→ Work instructions
Copy exactly the stretch of data below from the line with "Área de Serviço" through the line with "Tyranocif ex δ – carte Pokémon TCG Rare n°99", including both of those lines.

→ Material supplied
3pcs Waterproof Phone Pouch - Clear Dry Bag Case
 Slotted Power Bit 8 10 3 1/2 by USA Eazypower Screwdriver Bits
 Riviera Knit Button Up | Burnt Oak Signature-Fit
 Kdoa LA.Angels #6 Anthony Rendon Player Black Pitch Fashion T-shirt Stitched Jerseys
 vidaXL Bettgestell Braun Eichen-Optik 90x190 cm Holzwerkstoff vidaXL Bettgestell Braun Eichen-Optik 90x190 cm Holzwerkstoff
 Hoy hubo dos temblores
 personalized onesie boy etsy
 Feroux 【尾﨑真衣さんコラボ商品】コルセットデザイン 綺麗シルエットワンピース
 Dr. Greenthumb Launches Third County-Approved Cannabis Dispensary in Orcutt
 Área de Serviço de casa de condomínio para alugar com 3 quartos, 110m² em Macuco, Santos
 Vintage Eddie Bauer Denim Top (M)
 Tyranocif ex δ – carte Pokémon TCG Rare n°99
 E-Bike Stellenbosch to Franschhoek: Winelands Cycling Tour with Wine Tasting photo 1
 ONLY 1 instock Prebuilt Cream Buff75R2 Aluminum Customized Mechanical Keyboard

→ Your response
 Área de Serviço de casa de condomínio para alugar com 3 quartos, 110m² em Macuco, Santos
 Vintage Eddie Bauer Denim Top (M)
 Tyranocif ex δ – carte Pokémon TCG Rare n°99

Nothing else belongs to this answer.